WHAT YOU SHOULD DO =
If a picture appears in the records, skip it; copy everything else exactly.

DATA EXTRACT =
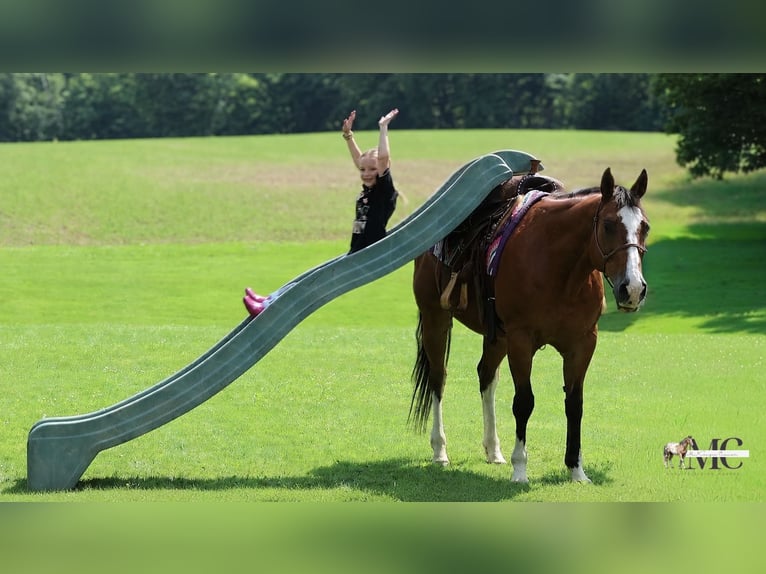 American Quarter Horse Ruin 10 Jaar 152 cm Roodbruin in North Bloomfield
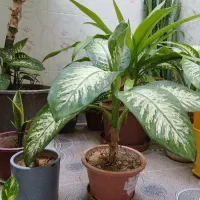 دیفن|گل و گیاه طبیعی|کازرون, |دیوار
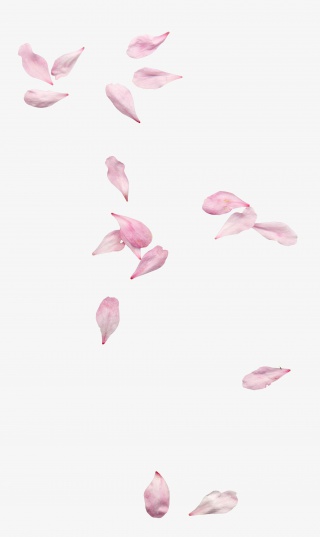 粉色花瓣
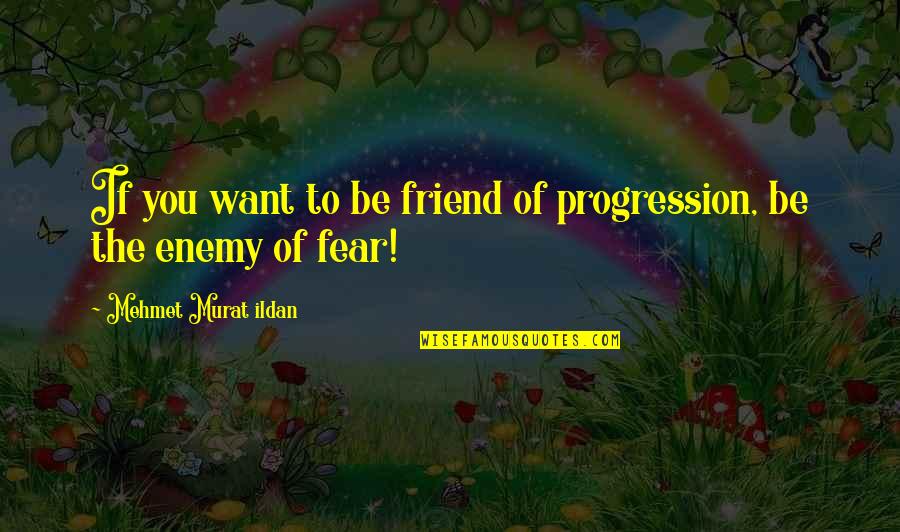 I Just Want A Best Friend Quotes By Mehmet Murat Ildan: If you want to be friend of progression,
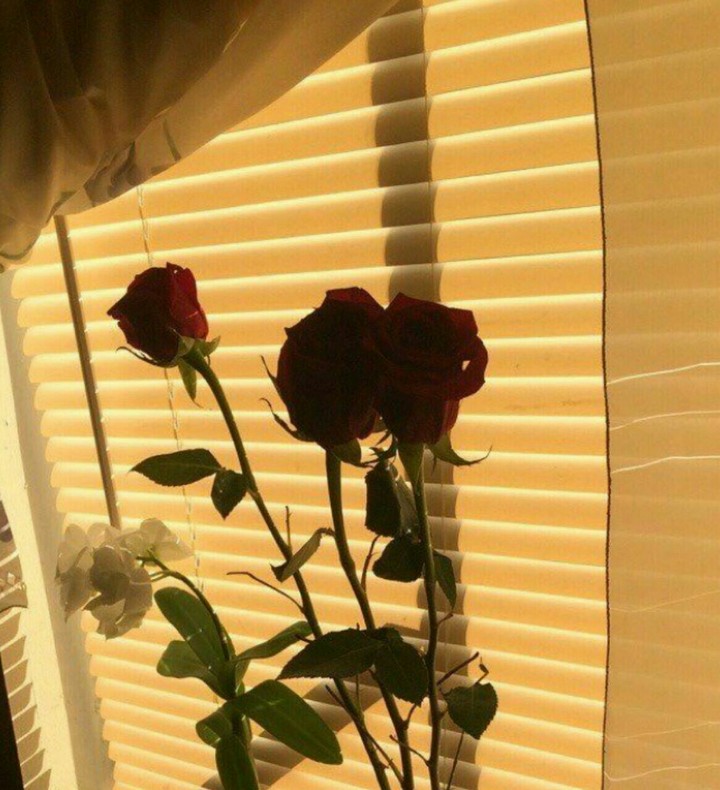#flower #pretty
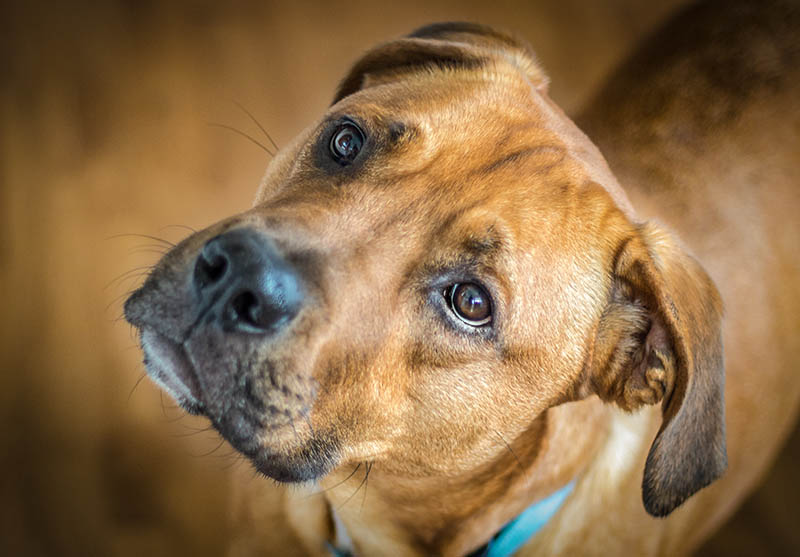 close up Rhodesian Ridgeback Mastiff Mix dog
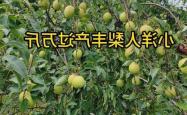 辽宁这个小县城，种出了“梨中之皇”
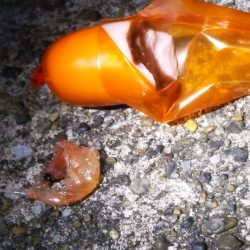 メバルさん　まぁまぁの型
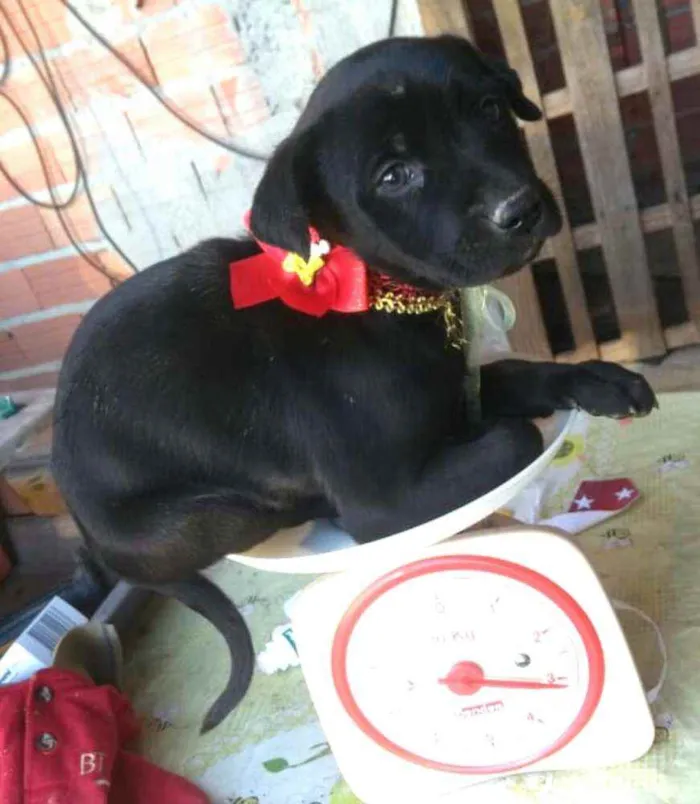Cachorro ra a  idade  nome Filhotes 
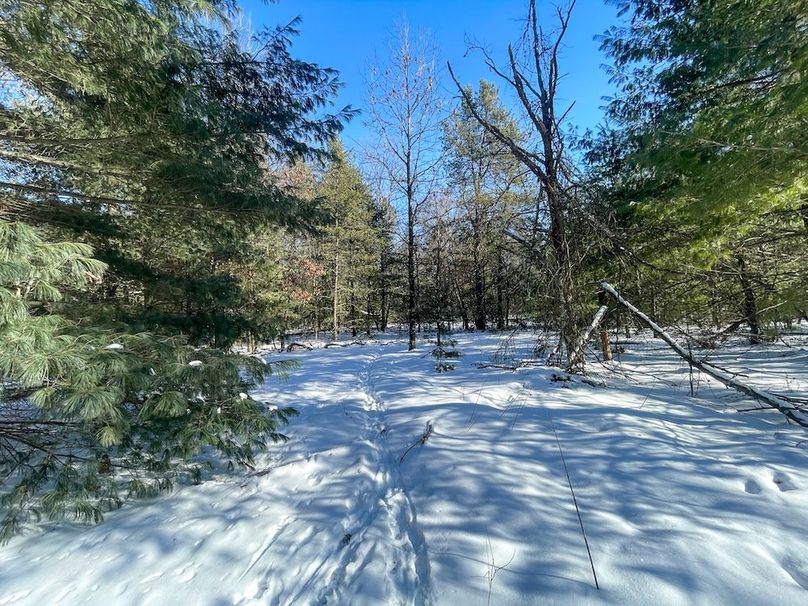 Adams 25, Nessler -35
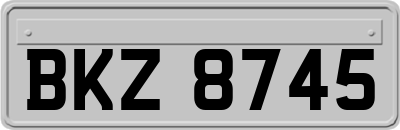 BKZ8745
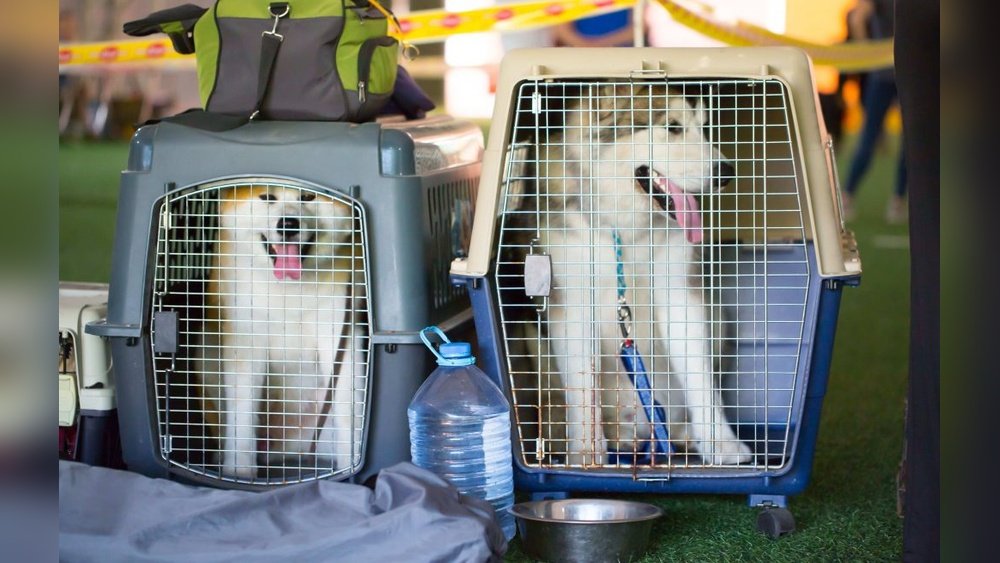 How to Travel With a Big Dog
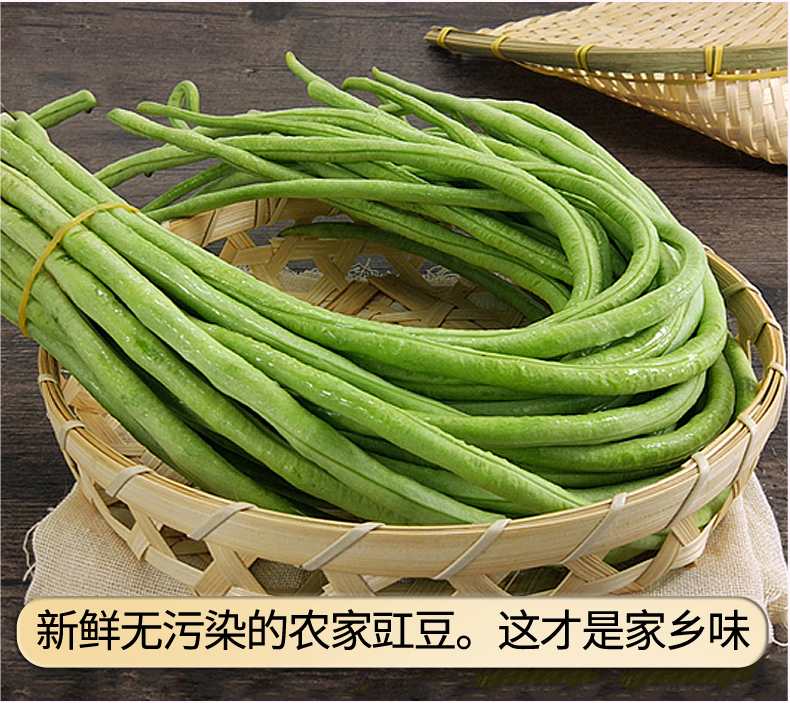 豇豆_08.jpg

EXERCISE SOLUTION =
 American Quarter Horse Ruin 10 Jaar 152 cm Roodbruin in North Bloomfield
 دیفن|گل و گیاه طبیعی|کازرون, |دیوار
 粉色花瓣
 I Just Want A Best Friend Quotes By Mehmet Murat Ildan: If you want to be friend of progression,
#flower #pretty
 close up Rhodesian Ridgeback Mastiff Mix dog
 辽宁这个小县城，种出了“梨中之皇”
 メバルさん　まぁまぁの型
Cachorro ra a  idade  nome Filhotes 
 Adams 25, Nessler -35
 BKZ8745
 How to Travel With a Big Dog
 豇豆_08.jpg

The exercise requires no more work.